Behavior of B. thetaiotaomicron and F. prausnitzii in combination in vitro and in vivo. (A) Acetate, butyrate and propionate concentrations from culture media, pure cultures of B. thetaiotaomicron (Bt), F. prausnitzii (Fp) and cocultures. (B) Establishment of B. thetaiotaomicron and F. prausnitzii in the gastrointestinal tract (GIT) of Bt + Fp-30d rats (n = 16) was monitored weekly by enumeration in the feces; arrows represent the various inoculations with F. prausnitzii before successful colonization. (C) Cecal concentration of short chain fatty acids (SCFA) in the cecum of germfree (GF) (n = 12), Bt-30d rats (n = 19), and Bt + Fp-30d rats (n = 16). (D) Measurement of oxidoreduction potential (mV) in the cecal contents of GF (n = 11), Bt-2d (n = 13), Bt-30d (n = 19) and Bt + Fp-30d rats (n = 16).

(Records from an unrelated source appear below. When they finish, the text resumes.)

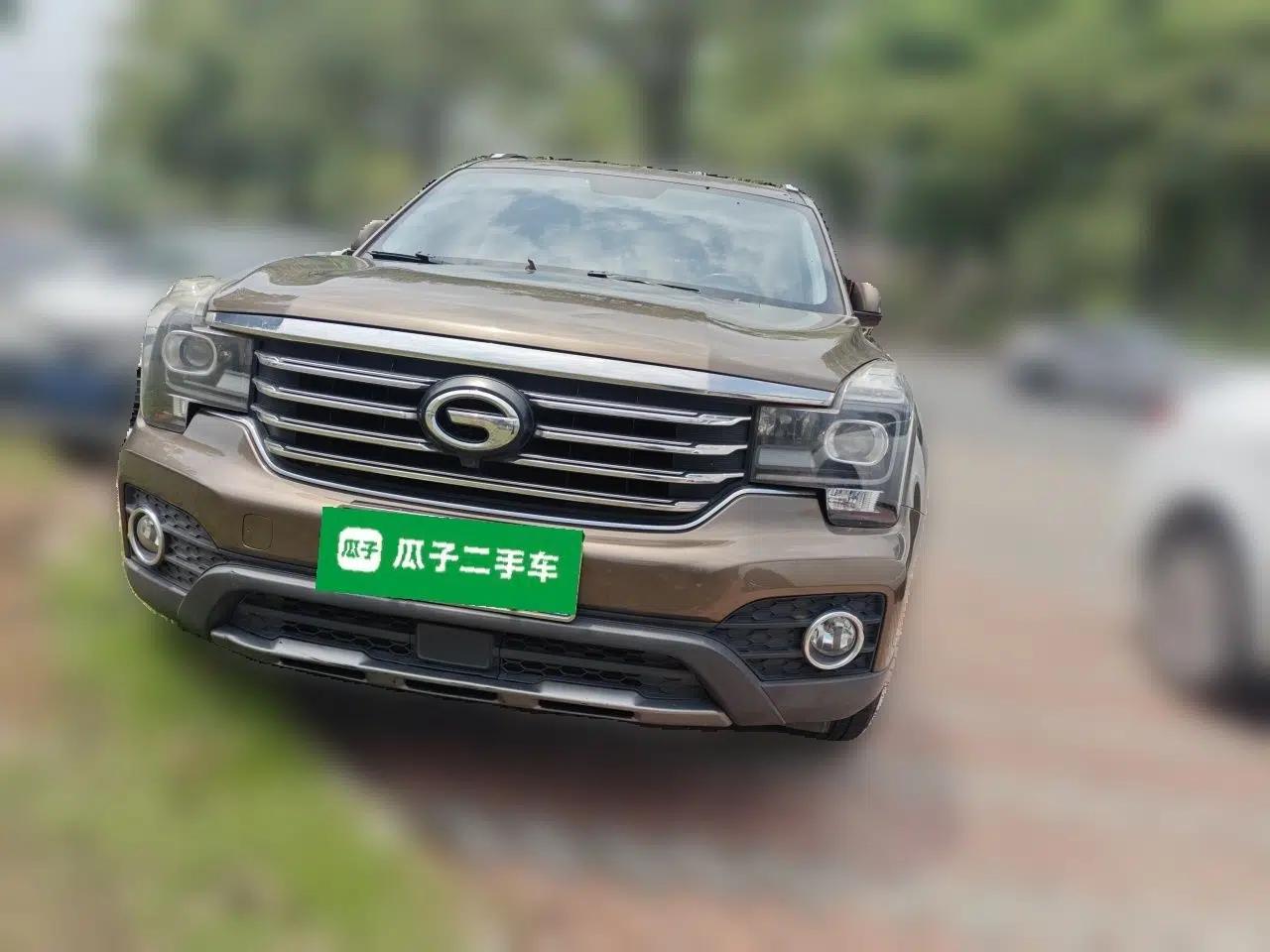 GAC Trumpchi GS7 2017 280T Two-Wheel Drive Luxury Model — миниатюра 2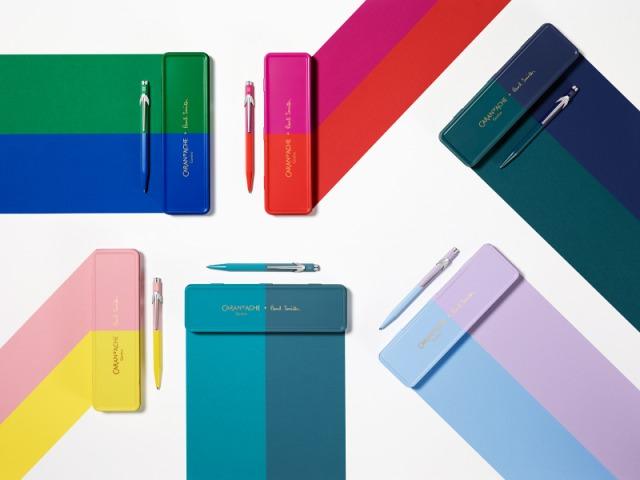 Actual product image Caran d'Ache 849 Paul Smith Sonderedition 4 (Light blue, 1 x)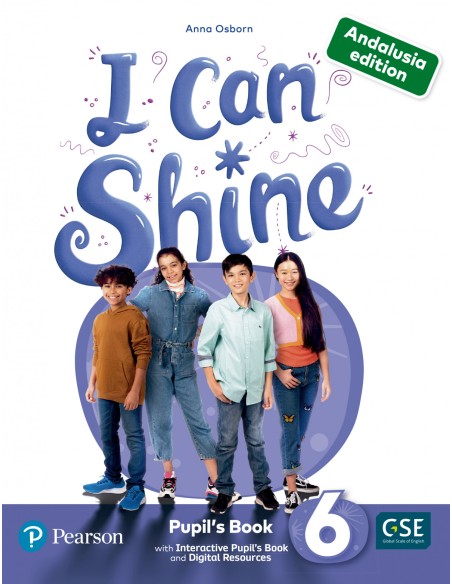 I Can Shine Andalusia 6 Pupil s Book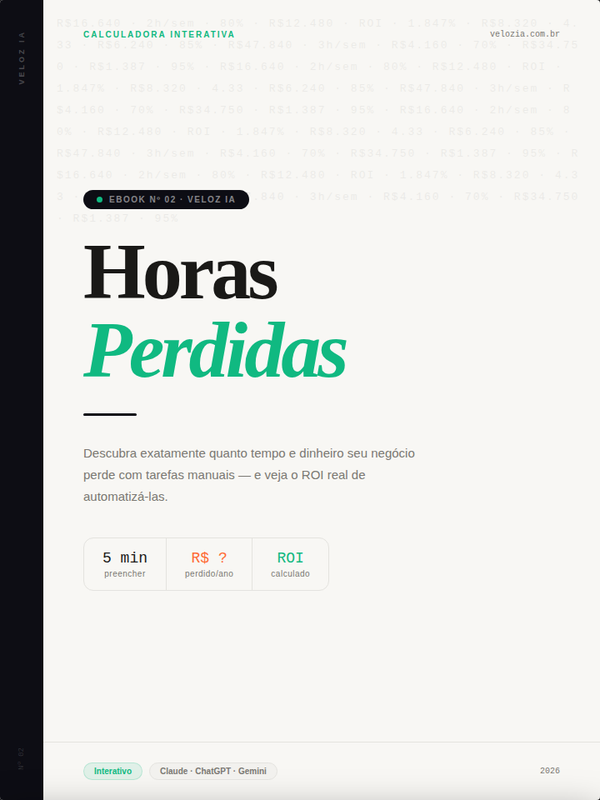 Calculadora de Horas Perdidas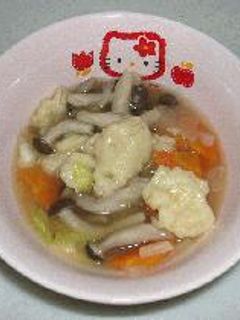 簡単!だんご汁-レシピのメイン写真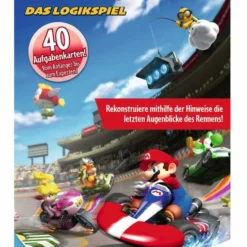 Ravensburger Mario Kart Jeu De Plateau Das Logikspiel Allemand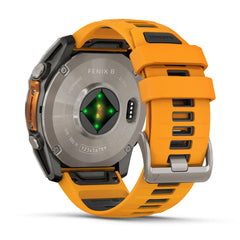 A Photo Of Garmin fēnix® 8 51mm - AMOLED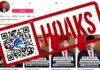 Giveaway Akun Tiktok Mengatasnamakan Jokowi adalah Hoaks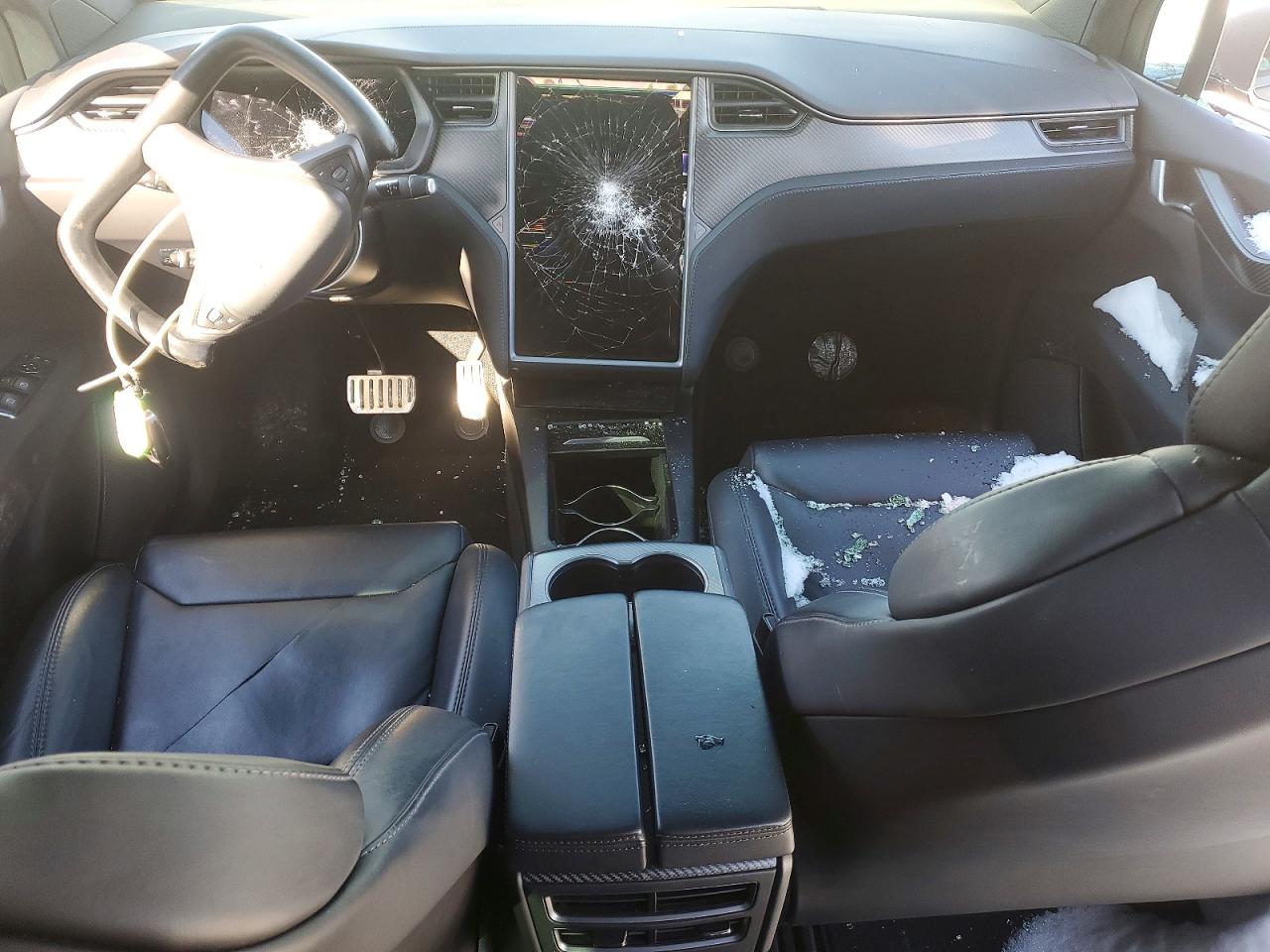 2019 TESLA MODEL X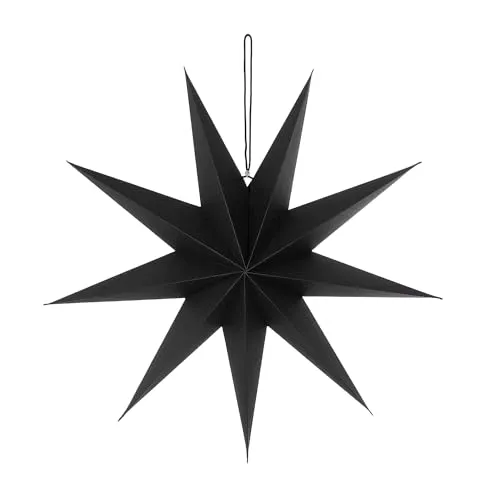 Weihnachtsbaumschmuck Schwarz von Rico Design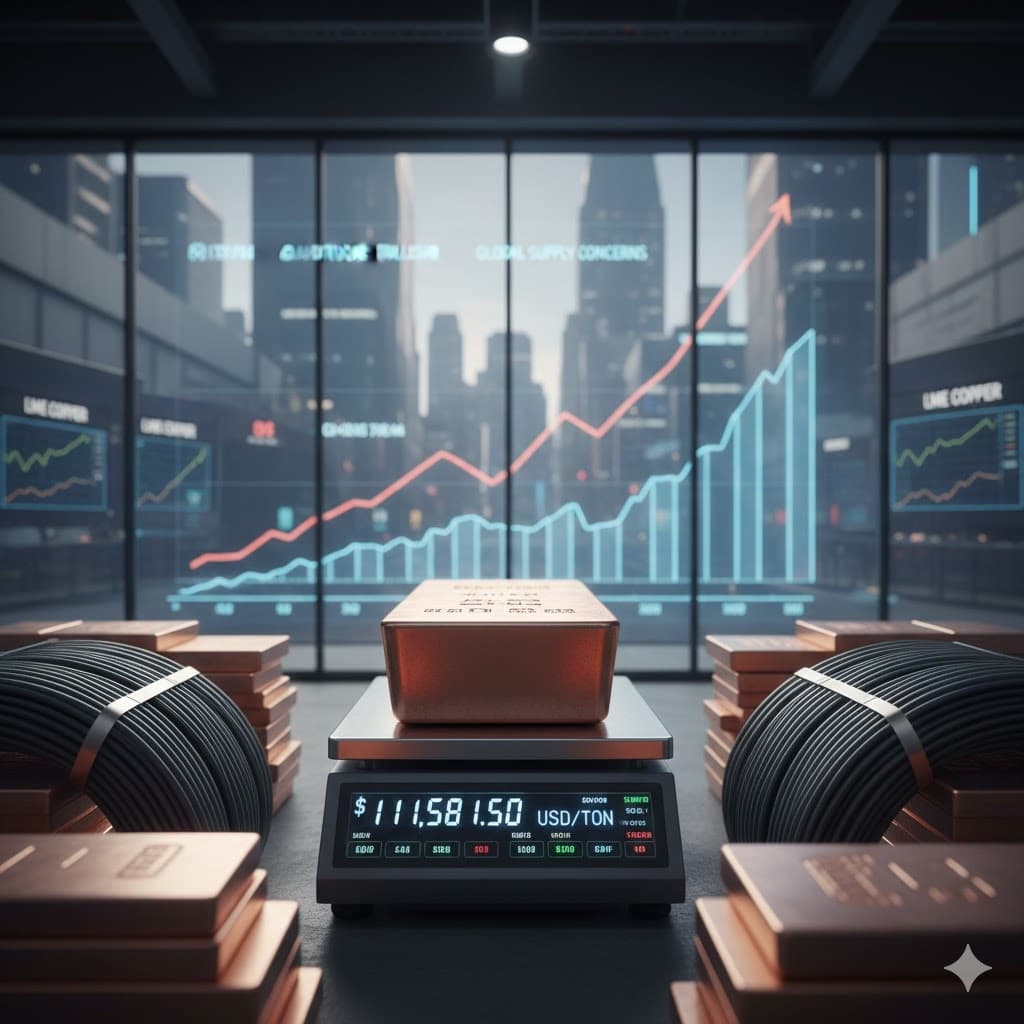 النحاس يقفز لمستوى قياسي وسط توقعات بعجز عالمي في الإمدادات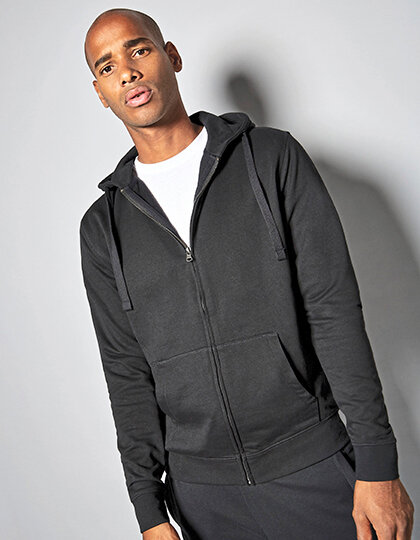 Kustom Kit Sweatjacke mit Kapuze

Means with different letters are significantly different (P-value <0.05).

Figure 5

Characterization of the colonic epithelial response in B. thetaiotaomicron and F. prausnitzii di-associated rats. (A) Measurement of colonic crypt depth, total number of cells per colonic crypt and counts of (B) alcian blue- (indicated as AB) and periodic acid Schiff- (indicated as PAS) positive cells per crypt in colonic sections of Bt-30d (n = 7) and Bt + Fp-30d rats (n = 6). (C) Representative Western blot and densitometric analyses of proteins involved in the differentiation pathway of the secretory lineage, KLF4 and Chromogranin A (ChgA) in Bt-30d (n = 5) and Bt + Fp-30d rats (n = 4); protein fold induction in Bt-30d rats was used as a reference and arbitrarily defined as 1. (D) Immunostaining for MUC2 in germfree (GF) (n = 3), Bt-2d (n = 6), Bt-30d (n = 7) and Bt + Fp-30d rats (n = 6); scale bars, 50 μm. The asterisk indicates a statistical difference compared to Bt-30d rats (P-value <0.05); n.s., not significant.

Figure 6

Effects of bacterial colonization on colonic mucin glycosylation. (A) Proportion of neutral and acidic oligosaccharides (carrying sulfate, N-acetyl neuraminic acid or N-glycolyl acid residues) in germfree (GF) rats (n = 3), Bt-2d (n = 2), Bt-30d (n = 3) and Bt + Fp 30d (n = 3) rats. (B) Ratio of sialylated to sulfated O-glycan chain in each group of rats.